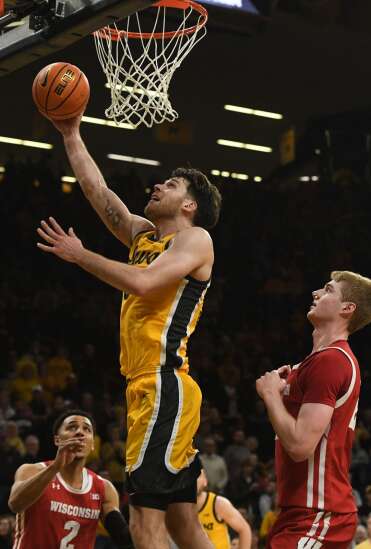Photos: Iowa men’s basketball vs. Wisconsin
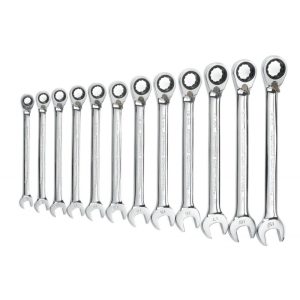 GEARWRENCH 12Pc Reversibleersible Gearwrench Set mm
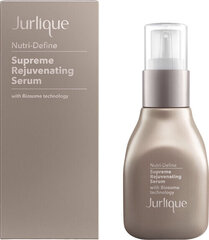 Taastav näoseerum Jurlique Nutri Define Supreme, 30 ml hind ja info | Näoõlid, seerumid | kaup24.ee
○ ○ ○
◆ REQUIREMENT ◆
Your answer should consist solely of the lines from the line with "GEARWRENCH 12Pc Reversibleersible" to the final line of the listing, set down word for word, pictures omitted.

◆ RESULT OF THE EXERCISE ◆
 GEARWRENCH 12Pc Reversibleersible Gearwrench Set mm
 Taastav näoseerum Jurlique Nutri Define Supreme, 30 ml hind ja info | Näoõlid, seerumid | kaup24.ee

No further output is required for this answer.